═══ Input data
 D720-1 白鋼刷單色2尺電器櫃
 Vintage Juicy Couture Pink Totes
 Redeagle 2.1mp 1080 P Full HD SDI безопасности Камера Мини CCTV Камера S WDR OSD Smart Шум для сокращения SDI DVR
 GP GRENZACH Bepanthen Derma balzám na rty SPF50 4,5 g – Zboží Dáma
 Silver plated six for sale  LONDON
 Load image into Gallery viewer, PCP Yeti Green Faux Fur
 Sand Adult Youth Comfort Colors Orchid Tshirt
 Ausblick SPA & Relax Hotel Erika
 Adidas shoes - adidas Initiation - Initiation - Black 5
══════
**What you should do**
All of the lines above must be returned exactly.

**Answer space**
 D720-1 白鋼刷單色2尺電器櫃
 Vintage Juicy Couture Pink Totes
 Redeagle 2.1mp 1080 P Full HD SDI безопасности Камера Мини CCTV Камера S WDR OSD Smart Шум для сокращения SDI DVR
 GP GRENZACH Bepanthen Derma balzám na rty SPF50 4,5 g – Zboží Dáma
 Silver plated six for sale  LONDON
 Load image into Gallery viewer, PCP Yeti Green Faux Fur
 Sand Adult Youth Comfort Colors Orchid Tshirt
 Ausblick SPA & Relax Hotel Erika
 Adidas shoes - adidas Initiation - Initiation - Black 5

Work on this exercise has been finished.